Hot subluminous stars of spectral type B and O are core helium-burning stars at the blue end of the horizontal branch or have evolved even beyond that stage. Most hot subdwarf stars are chemically highly peculiar and provide a laboratory to study diffusion processes that cause these anomalies.

A large fraction of sdB stars are found in close binaries with white dwarf or very low-mass main sequence companions, which must have gone through a commonenvelope phase of evolution. Because the binaries are detached they provide a clean-cut laboratory to study this important but yet purely understood phase of stellar evolution.

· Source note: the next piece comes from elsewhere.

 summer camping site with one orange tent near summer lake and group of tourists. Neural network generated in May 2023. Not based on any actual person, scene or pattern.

Substellar companions to sdB stars have also been found. For HW Vir systems the companion mass distribution extends from the stellar into the brown dwarf regime. A giant planet to the acoustic-mode pulsator V391 Peg was the first discovery of a planet that survived the red giant evolution of its host star. Evidence for Earth-size planets to two pulsating sdB stars have been reported and circumbinary giant planets or brown dwarfs have been found around HW Vir systems from eclipse timings. The high incidence of circumbinary substellar objects suggests that most of the planets are formed from the remaining common-envelope material (second generation planets).

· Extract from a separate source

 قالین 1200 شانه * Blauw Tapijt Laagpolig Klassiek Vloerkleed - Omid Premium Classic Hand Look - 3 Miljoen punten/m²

Several types of pulsating star have been discovered among hot subdwarf stars, the most common are the gravity-mode sdB pulsators (V1093 Her) and their hotter siblings, the p-mode pulsating V361 Hya stars. Another class of multi-periodic pulsating hot subdwarfs has been found in the globular cluster ω Cen that is unmatched by any field star. Asteroseismology has advanced enormously thanks to the recent space data and allowed stellar rotation rates to be determined, the interior structure of gravity-mode pulsators to be probed and stellar ages to be estimated. 

The masses of hot subdwarf stars, both single or in binaries, are the key to understand the stars’ evolution. A few pulsating sdB stars in eclipsing binaries have been found that allow both techniques to be applied for mass determination. The results, though few, are in good agreement with predictions from binary population synthesis calculations. 

New classes of binaries, hosting so-called extremely low mass (ELM) white dwarfs (M<0.3 M⊙), have recently been discovered, filling a gap in the mosaic of binary stellar evolution. Like most sdB stars the ELM white dwarfs are the stripped cores of red giants, the known companions are either white dwarfs, neutron stars (pulsars) or F- or A-type main sequence stars (”EL CVn” stars).